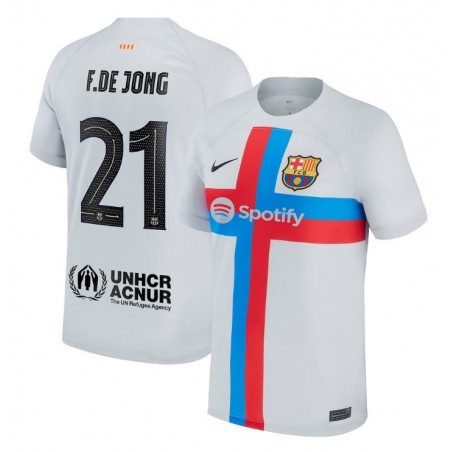 Frenkie de Jong Barcelona 2022/23 Third Breathe Stadium Jersey-Gray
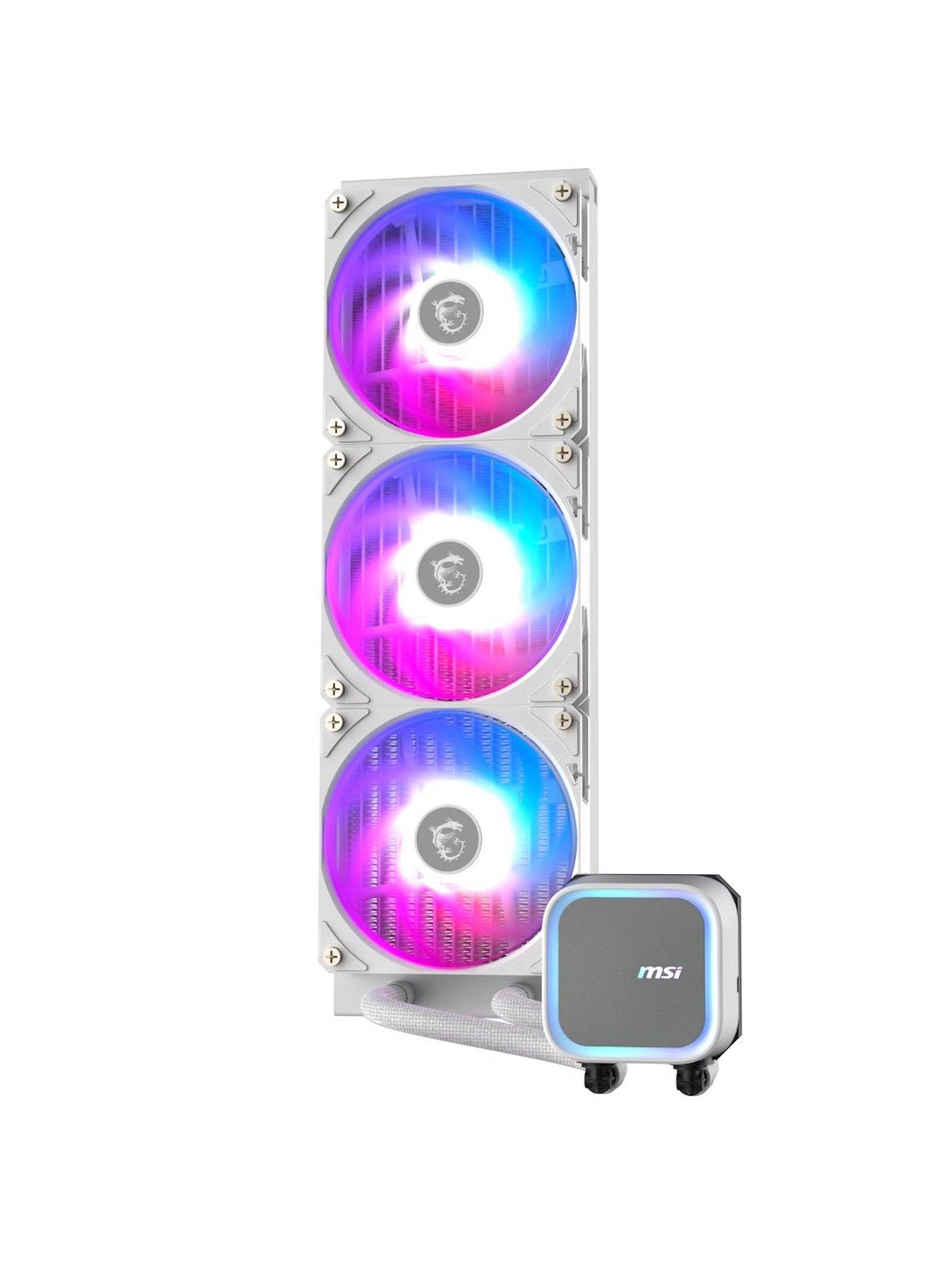 Image 3 of 3 of MSI MAG Coreliquid A13 360 Cooler - White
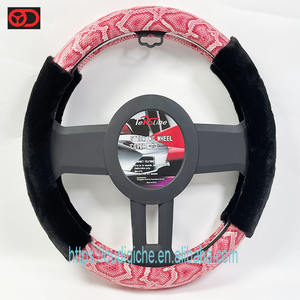 Funda de Volante Universal de Felpa de 15 Pulgadas con Diseño de Serpiente, Nueva Colección Invierno 2025, Superventas, para Protección del Automóvil - Product Image 2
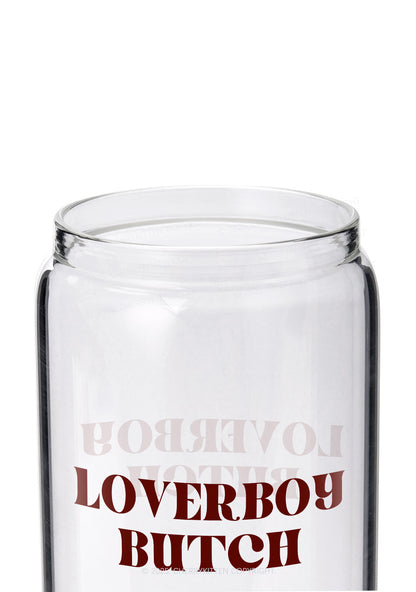 Loverboy Butch Pride Y2K Printed Glass Cup Cherrykitten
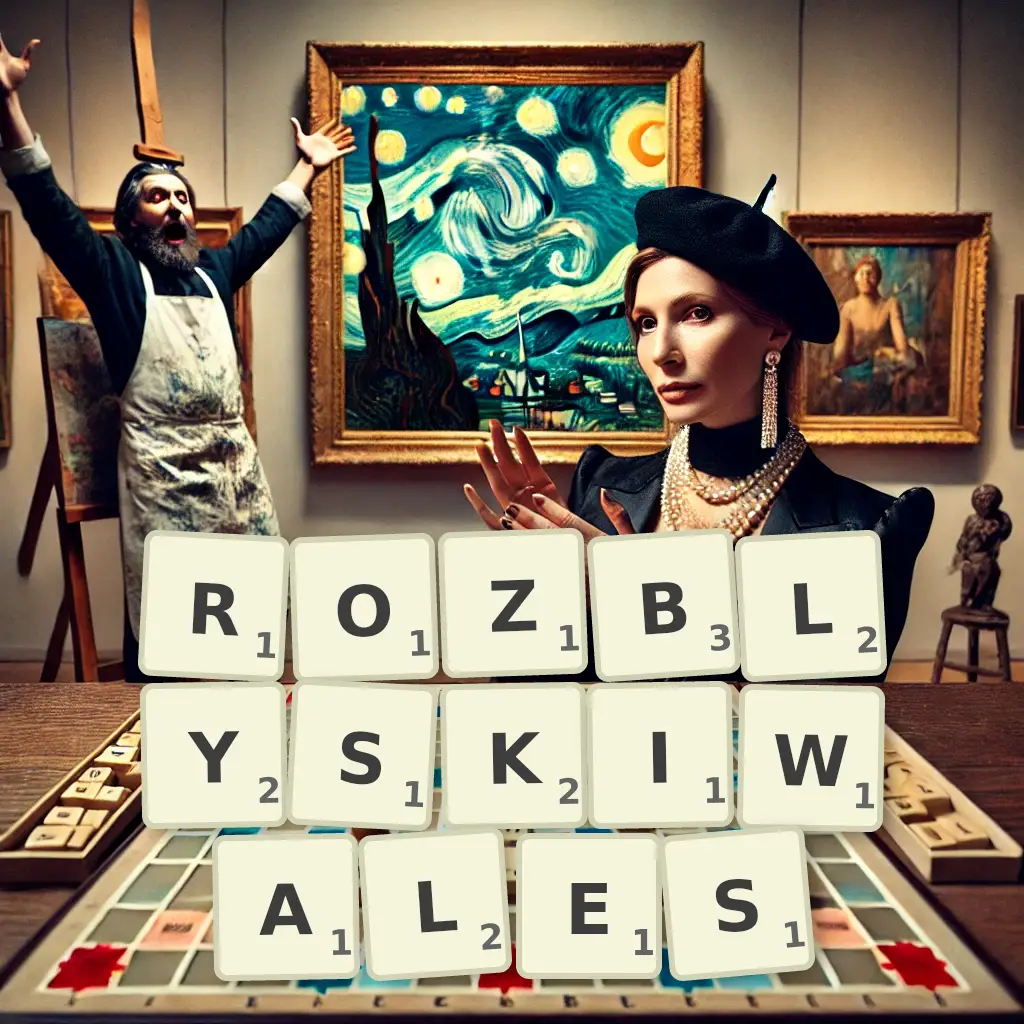 Słowa z liter ROZBŁYSKIWAŁEŚ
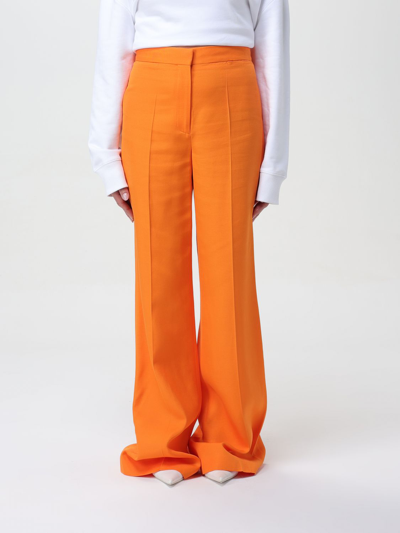 Shop Stella Mccartney Pants  Woman Color Orange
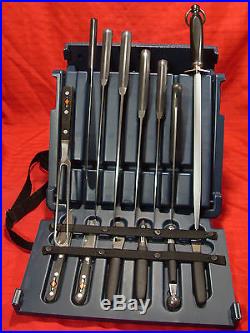 F. Dick 14-Piece Knife Set storage hard case with arm strap. NEW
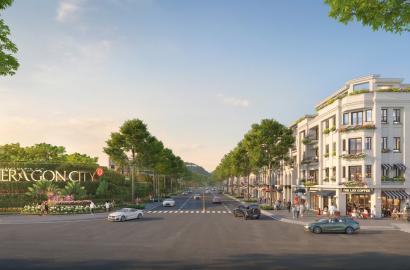 Bán biệt thự AP01-01 500m² The Legacy Heragon City Thanh Hóa – Lô góc VIP ven sông Mã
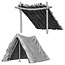 WizKids Dungeons and Dragons Nolzur's Marvelous Minis Tent and Lean To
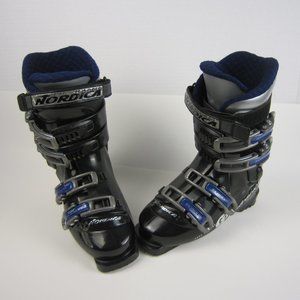 Nordica GP04 Womens Black Ski Boots Size 24.5 - Used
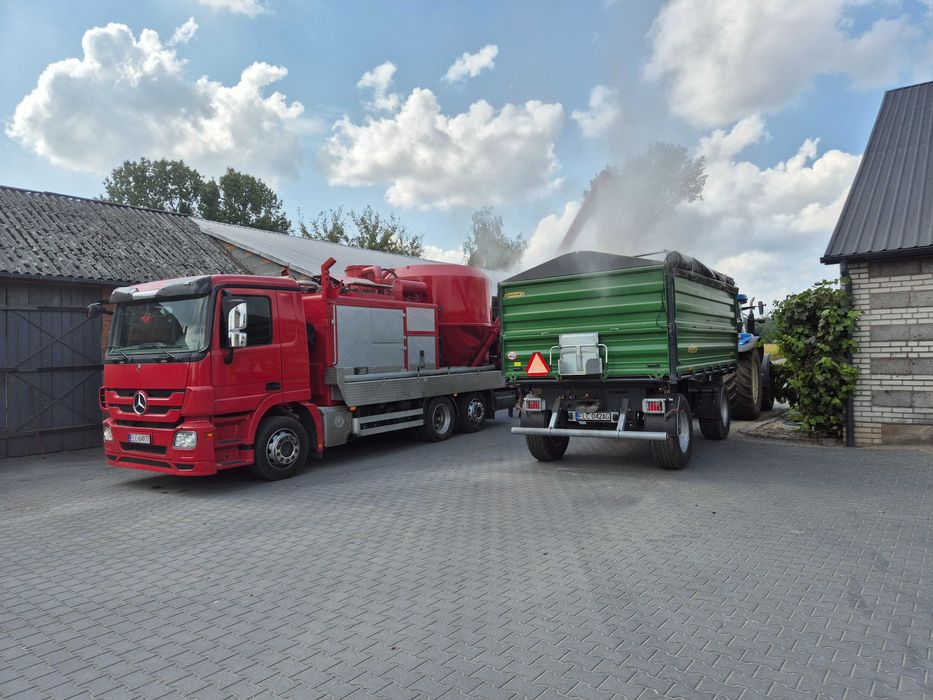 Mobilna Mieszalnia Pasz - Usługi Śrutownik Gniotownik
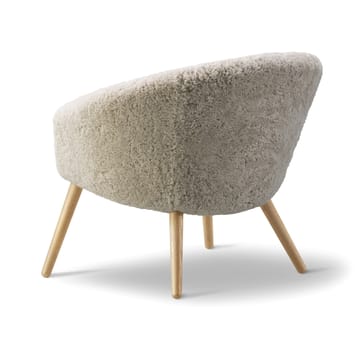 Ditzel Loung-Sessel aus Schaffell - Moonlight-oak - Fredericia Furniture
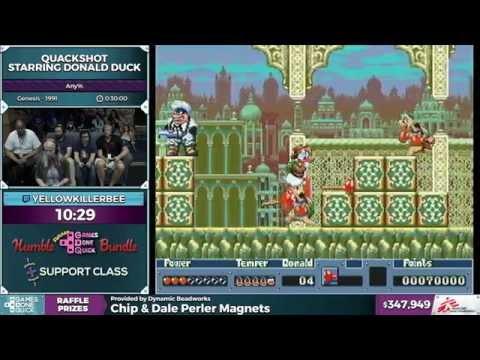 Quackshot Starring Donald Duck by YellowKillerBee in 27:11 - SGDQ 2016 - Part 94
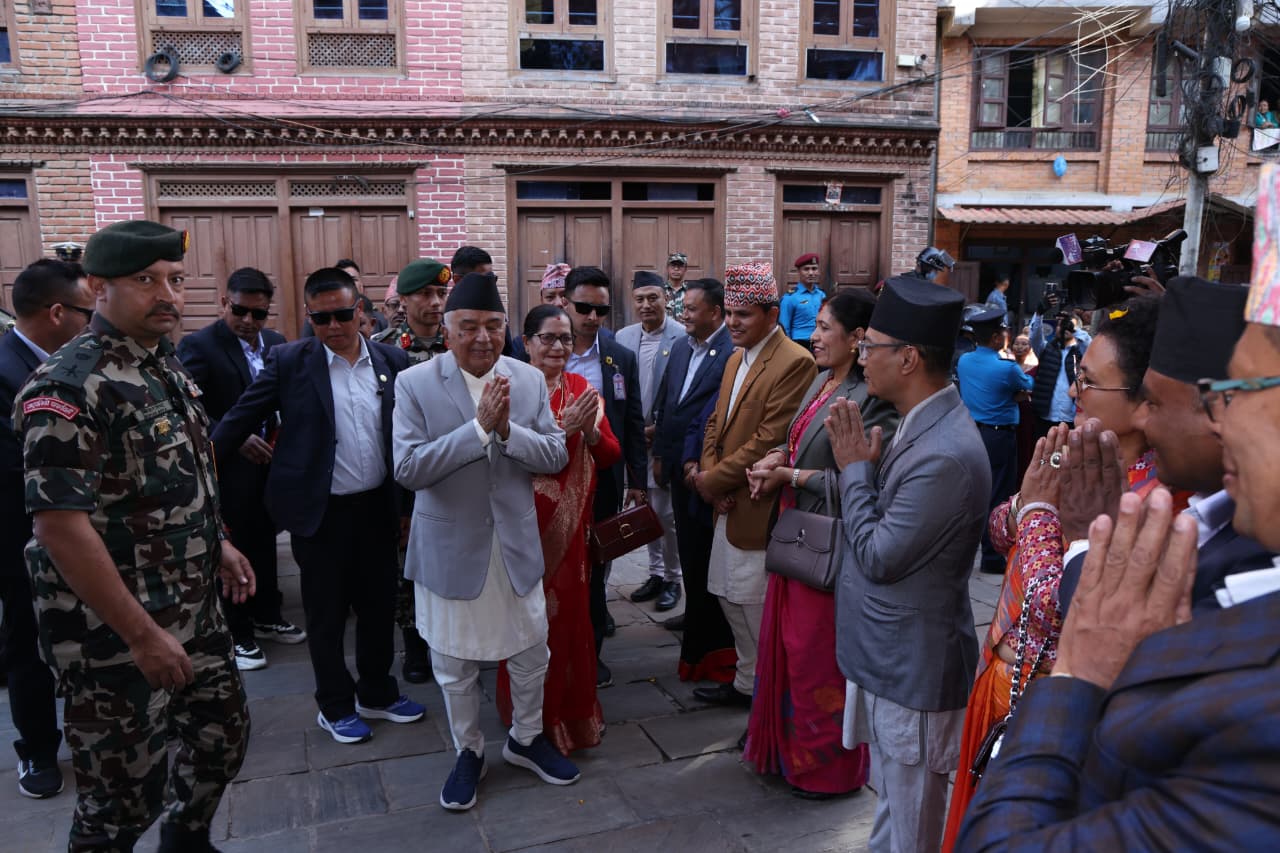 राष्ट्रपति पौडेलद्वारा नवदुर्गा भवानीको पूजाअर्चना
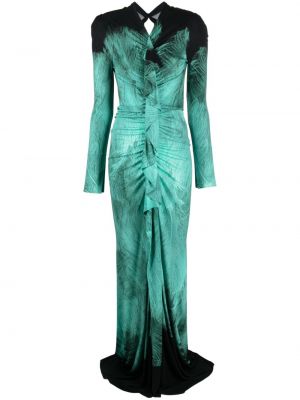 Sukienka wieczorowa z nadrukiem w abstrakcyjne wzory Victoria Beckham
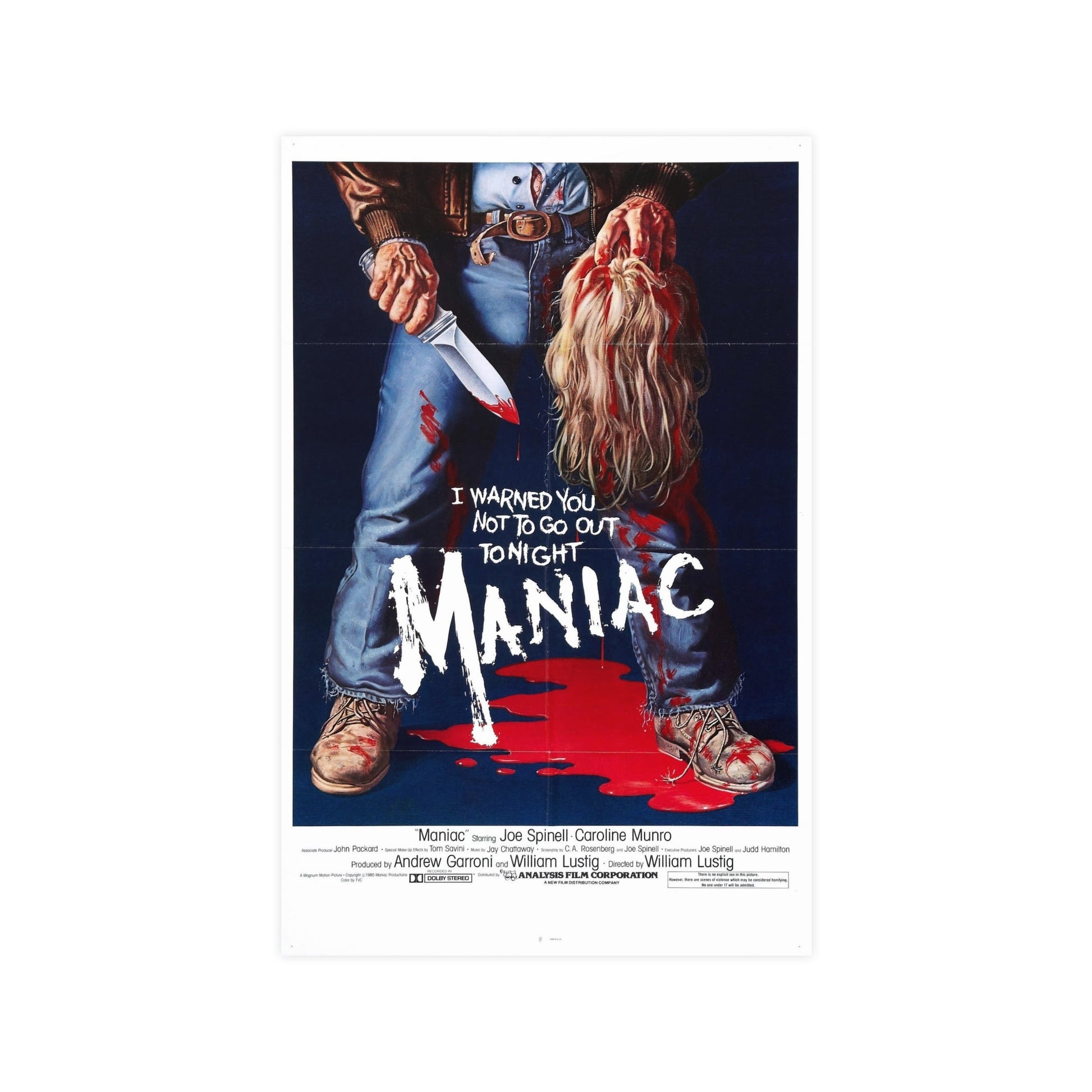 MANIAC 1980 - Paper Movie Poster-11″ x 17″ (Vertical)-The Sticker Space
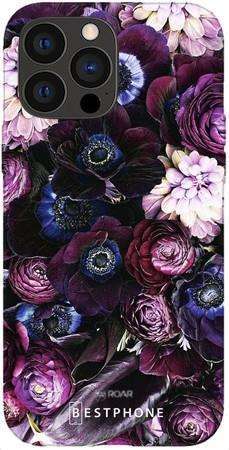 Etui purpurowa kompozycja kwiatowa na Apple iPhone 13 PRO MAX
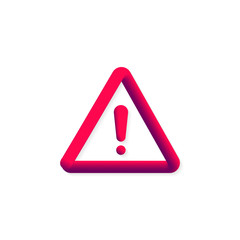 Attention icon sign vector design. Danger symbol. Error emblem.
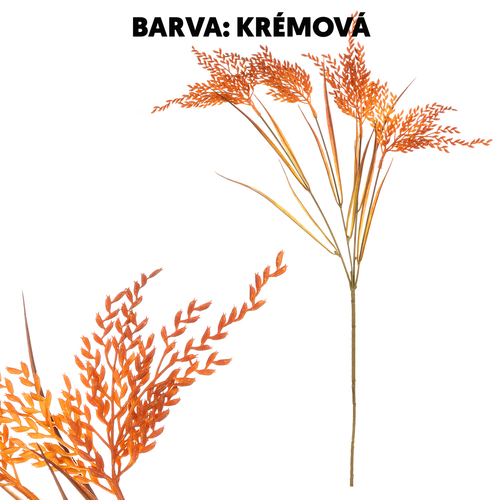 Tráva s klasy - umělý trs, barva krémová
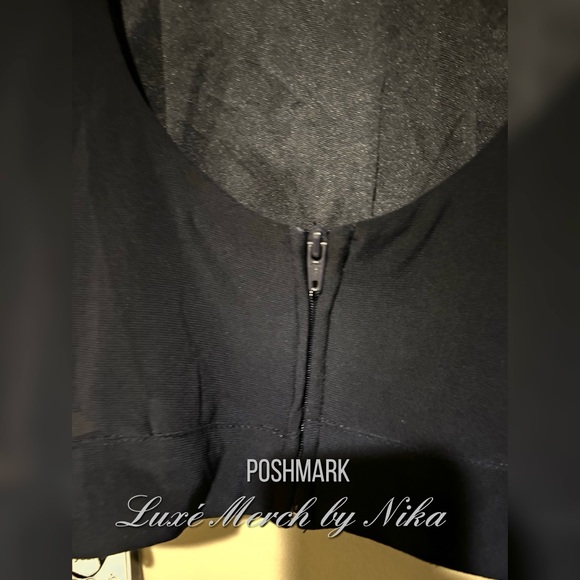 B. Darlin Blue Jeweled Crop Top Size 11/12 juniors - Picture 3 of 5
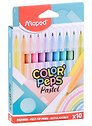 Фломастеры Maped, Pastel, смываемые 10 цветов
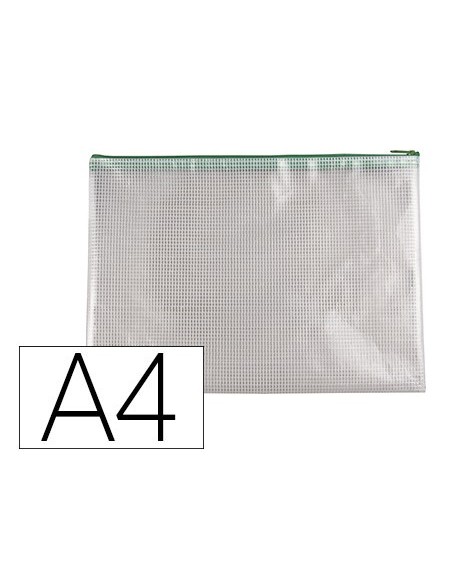 Bolsa multiusos q-connect malla din a4 apertura...
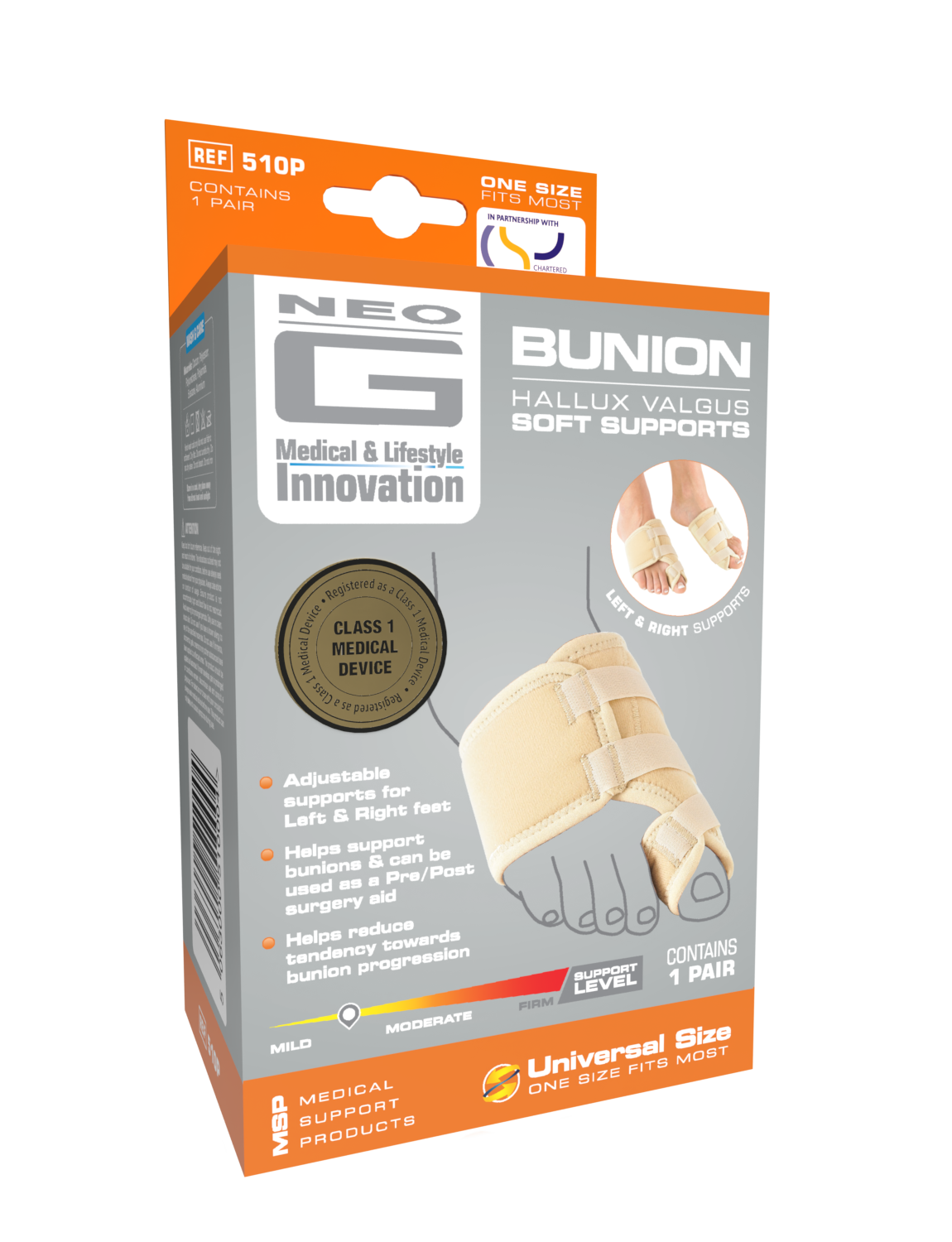 Neo G Bunion Soft Support Box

* [YOUR OBJECTIVE] Both ends included, copy the lines from the one holding "Image 3 of 3" to the last line of the entries exactly, with all pictures left out.

* [SOLVED EXERCISE]
 Image 3 of 3 of MSI MAG Coreliquid A13 360 Cooler - White
 Funda de Volante Universal de Felpa de 15 Pulgadas con Diseño de Serpiente, Nueva Colección Invierno 2025, Superventas, para Protección del Automóvil - Product Image 2
 Loverboy Butch Pride Y2K Printed Glass Cup Cherrykitten
 Słowa z liter ROZBŁYSKIWAŁEŚ
 Shop Stella Mccartney Pants  Woman Color Orange
 F. Dick 14-Piece Knife Set storage hard case with arm strap. NEW
 Bán biệt thự AP01-01 500m² The Legacy Heragon City Thanh Hóa – Lô góc VIP ven sông Mã
 WizKids Dungeons and Dragons Nolzur's Marvelous Minis Tent and Lean To
 Nordica GP04 Womens Black Ski Boots Size 24.5 - Used
 Mobilna Mieszalnia Pasz - Usługi Śrutownik Gniotownik
 Ditzel Loung-Sessel aus Schaffell - Moonlight-oak - Fredericia Furniture
 Quackshot Starring Donald Duck by YellowKillerBee in 27:11 - SGDQ 2016 - Part 94
 राष्ट्रपति पौडेलद्वारा नवदुर्गा भवानीको पूजाअर्चना
 Sukienka wieczorowa z nadrukiem w abstrakcyjne wzory Victoria Beckham
 MANIAC 1980 - Paper Movie Poster-11″ x 17″ (Vertical)-The Sticker Space
 Etui purpurowa kompozycja kwiatowa na Apple iPhone 13 PRO MAX
 Attention icon sign vector design. Danger symbol. Error emblem.
 Tráva s klasy - umělý trs, barva krémová
 B. Darlin Blue Jeweled Crop Top Size 11/12 juniors - Picture 3 of 5
 Фломастеры Maped, Pastel, смываемые 10 цветов
 Bolsa multiusos q-connect malla din a4 apertura...
 Neo G Bunion Soft Support Box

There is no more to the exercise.